APTN’s hit series Mohawk Girls has spent five years trying to navigate the question: what does it means to be a Mohawk woman in the 21st century?
Brittany LeBorgne, who plays Zoe on the show, seems like a good person to answer that question. Because both on screen and off, Brittany is a strong, smart, kick-ass Mohawk woman, who isn’t shy to share her opinion. I met up with Brittany to chat about Mohawk Girls, and to have her speak on the importance of positive and varied Indigenous stories in mainstream media.
You’re going into your fifth and final season of Mohawk girls, how would you describe the show to those who haven’t seen it?
Mohawk Girls has really evolved over the five seasons, and the way we talk about it and describe it has also evolved. When the show was first premiering, we were selling it as Sex and the City but on the reserve. And that was a good tagline at the time, because it was a brand new show and everyone knows Sex and the City. But as the seasons went on it really has become it’s own beast — we have our own thing going on. So basically, it’s these four Mohawk women who are mid to late twenties, and they’re trying to find their way in the world; meaning in their community, and also in the bigger world outside the community. We ask the question: how do I live my own authentic life while trying to be try to who I am in terms of my culture?
Looking back now, do you think it’s reductive to call the show a Mohawk Sex and the City?
I definitely think it is. Now everyone says: Mohawk Girls is so much more than that. What I think they mean, is that yes, there’s four women, and they go through things that are relatable. But then there’s this other level of issues that are so unique to native people in Canada; issues that are unique to the Indigenous community. And we really tap in and tackle those bigger issues. Mind you, we do it in a funny way. People find it more welcoming when you take on a serious topic through comedy. There are no fingers being pointed at anybody, there’s no blame.
It makes me think of the show Blackish on ABC, which attacks tough issues but in a way that’s totally hilarious.
For so long it’s been white leads, and maybe there’s a minority mixed in. So a show like Blackish, or a show like ours, or a show like Kim’s Convenience — shows that have minorities as the main characters — it’s about damn time. I think it look so long to get there because networks thought people wouldn’t want to watch it. But why wouldn’t they? I grew up a Mohawk girl on a reserve, loving movies, loving TV, and knowing that I wanted to be an actor. Nobody was Indigenous in the movies I watched growing up, but did I relate? Of course. Because there’s a human spirit. It doesn’t matter what colour you are or where you’re from, if it’s an interesting story it’s an interesting story.
Obviously representation is important. But it’s not just representation: we need positive and varied Indigenous stories in media, right?
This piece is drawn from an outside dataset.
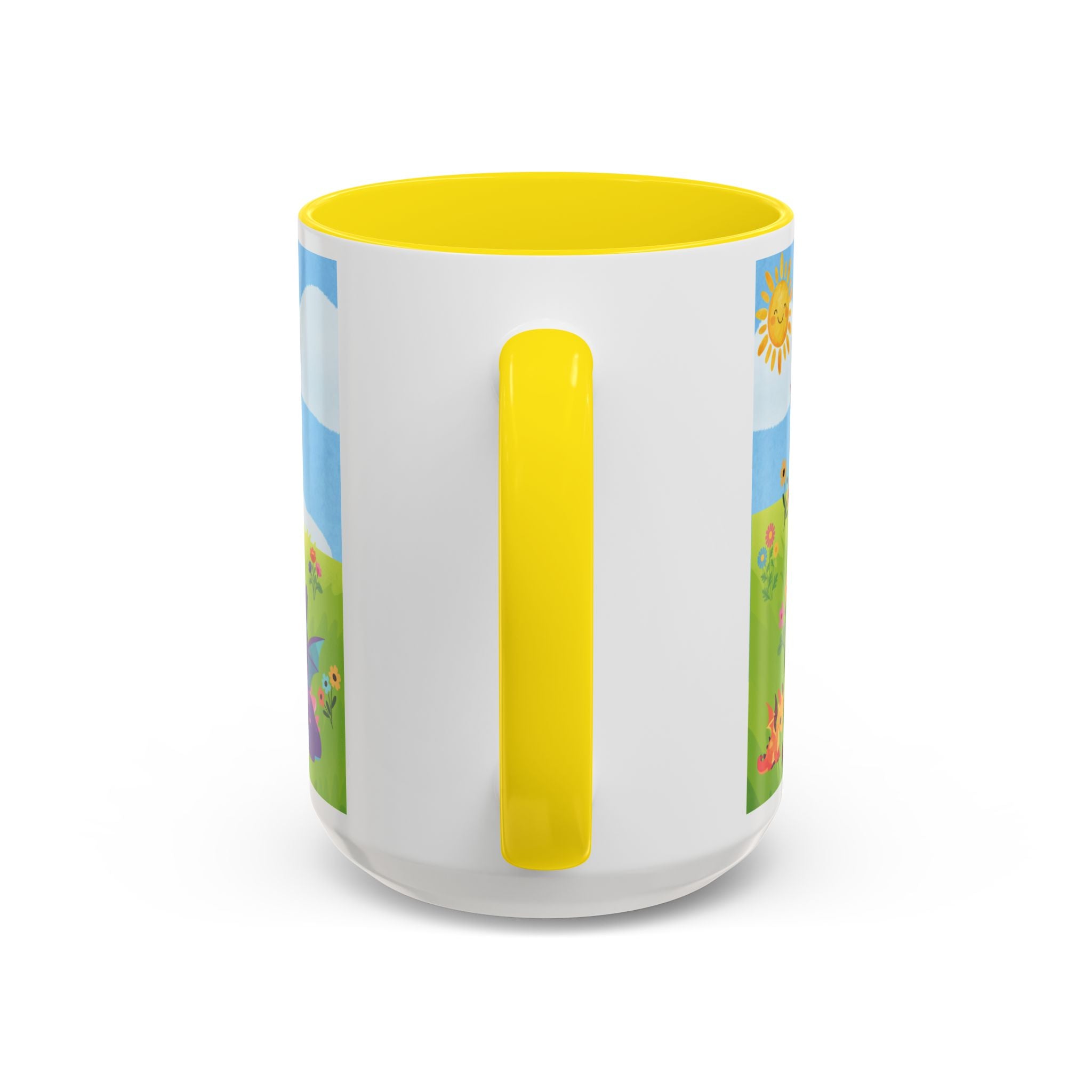 Cute Dragon Coffee Mug — Colorful Baby Dragons Design (15oz)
Is that what Mohawk Girls is doing?
It’s important for Indigenous content and Indigenous characters to be included in mainstream media. We are a big part of this land, why shouldn’t we be as visible in all media? I think one of the things that our show does so well, is that we have three dimensional characters. These are real women who are strong and powerful. I play Zoe: she’s a lawyer, she’s educated, she’s smart, she’s strong, she really fights for what believes in. But at the same time, she has faults and she has short comings. We’re showing real women, and I think that is something that Indigenous representation in media has not done very well.
As a country, do you think we’re doing a better job? It often feels like Indigenous issues are more visible now than they ever have been before.
There’s definitely a movement. A movement of Indigenous people and also non-Indigenous Canadians, who are rallying to make sure that the true history of this country is known and taught. I still think there’s a long way to go, but it’s wonderful to go places and have people recognize the traditional territory they’re on. It’s nice to be recognized and acknowledged — it’s such a small thing, but it means so much. It’s just about opening up a dialogue, which is where I think we still have a lot of work to do.
Is there a question you get asked that makes you think that maybe we aren’t making progress?
For me, the biggest one that gets under my skin, is when people find out I’m Mohawk and they ask, “so what percent are you?” Like who says that? What does that even mean? And why do you need to know what percent I am? I always need to explain myself, and it’s as if I owe them an explanation for why I look the way I do. It always has to do with my appearance, because my natural hair is dirty blonde –I was just born fairer, with fair skin and fair hair. So when people ask those questions, it’s hard not to let it chip away at my soul. I always have to explain my identity.
Being Indigenous is is complicated. No matter what point in time it’s always going to be complicated. It can be a tough burden to bear, but I try to look at it as an opportunity. An opportunity to educate people and open a dialogue. And hopefully, we’ll come to a point where nobody will ever be asked, “what percent are you?”